As suspected, each time she came in, she felt better for a week or so after, but we always went back to square one. After 2 times of this, I started recommending that she see Cassidy at The Body Gallery. Cassidy retrains your body from the inside out how to get back in balance and the results are lasting! I can speed up the process by encouraging and reminding your muscles that they should be relaxed and also encourage nerve passageways to fire again through trigger point therapy. This is how Cassidy and I work so effectively together.  She has seen Cassidy just two times now and is already noticing changes in her body and the reduced pain is lasting longer.  

I know it’s much more exciting to think that laying on a massage table with an amazing bodyworker can correct  all the crazy things we expect from our body on daily basis rather than having to do some work from the inside out for lasting effects, but it’s simply dillusional….sorry!

Educational moment: One of the most common rebutles when I tell a client a certain muscle is weak and proceed to find that the same muscle is incredibly tight, is “How can it be so tight if it’s weak and I’m not using it?” This article is a great explanation of how a muscle like the QL can actually be weak and tight at the same time. It’s also a great explanation as to the work that Cassidy and I do are so complementary to each other and essential to the whole healing process.

Quadratis Lumborum:



“The quadratus lumborum, or QL, is a common source of lower back pain. Because the QL connects the pelvis to the spine and is therefore capable of extending the lower back when contracting bilaterally, the two QLs pick up the slack, as it were, when the lower fibers of the erector spinae are weak or inhibited (as they often are in the case of habitual seated computer use and/or the use of a lower back support in a chair). Given their comparable mechanical disadvantage, constant contraction while seated can overuse the QLs, resulting in muscle fatigue.

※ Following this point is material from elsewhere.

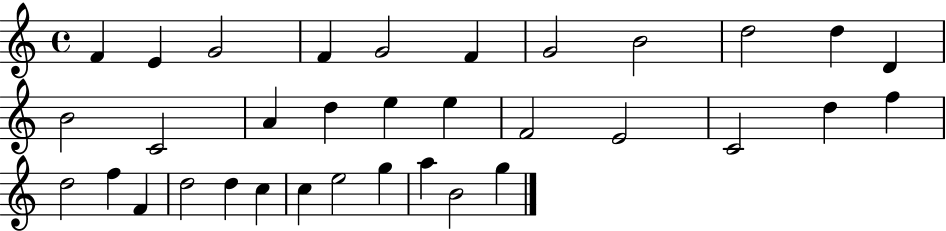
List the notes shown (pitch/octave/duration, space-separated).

F4/q E4/q G4/h F4/q G4/h F4/q G4/h B4/h D5/h D5/q D4/q B4/h C4/h A4/q D5/q E5/q E5/q F4/h E4/h C4/h D5/q F5/q D5/h F5/q F4/q D5/h D5/q C5/q C5/q E5/h G5/q A5/q B4/h G5/q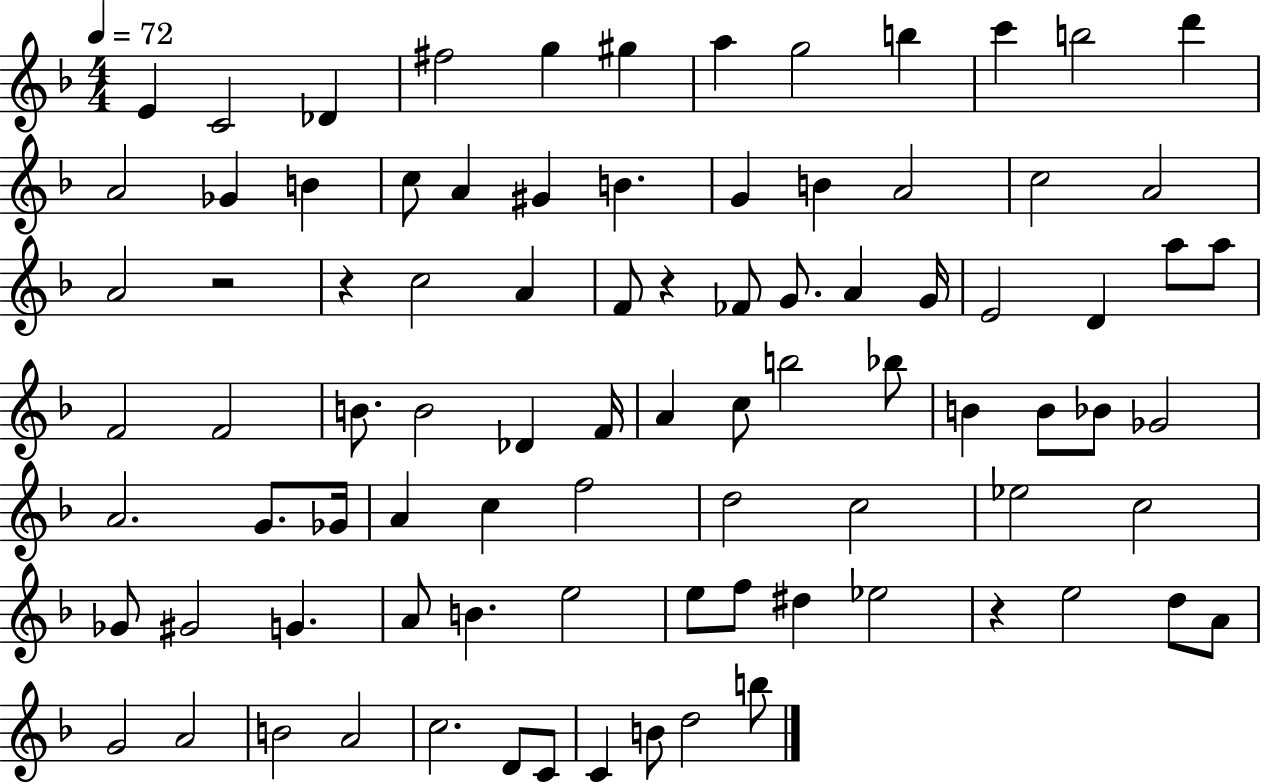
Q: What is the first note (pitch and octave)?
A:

A constantly contracted QL, like any other muscle, will experience decreased blood flow, and, in time, adhesions in the muscle and fascia may develop, the end point of which is muscle spasm.

The experience of “productive pain” or pleasure by a patient upon palpation of the QL is indicative of such a condition.

Hip abduction is performed primarily by the hip abductors (glut medius and minimus). When the glut med/min are weak or inhibited, the TFL or QL will compensate by becoming the prime mover. The most impaired movement pattern of hip abduction is when the QL initiates the movement, which results in hip hiking during swing phase of gait. Hip hiking places excessive side-bending compressive stresses on the lumbar segments. Thus, a tight QL may be another hidden cause of low back pain (Janda 1987).

When the hip adductors are tight or hypertonic, their antagonist (gluteus medius) may experience reciprocal inhibition. The gluteus medius will become weak and inhibited. This in turn may cause hypertonicity of ipsilateral QL. Chronic hypertonicity of QL tends to cause low back pain due to its ability to create compressive stress on lumbar segment.

Current studies show that application of heat or ice, massage, and estim will not leave long-term benefits. Careful assessment of muscular imbalances and movement impairments by a therapist is recommended in order to address the underlying issues mentioned (you need Cassidy for this).

While stretching and strengthening the QL are indicated for unilateral lower back pain, heat or ice applications as well as massage should be considered as part of any comprehensive rehabilitation regimen”  (You need Jennifer for this).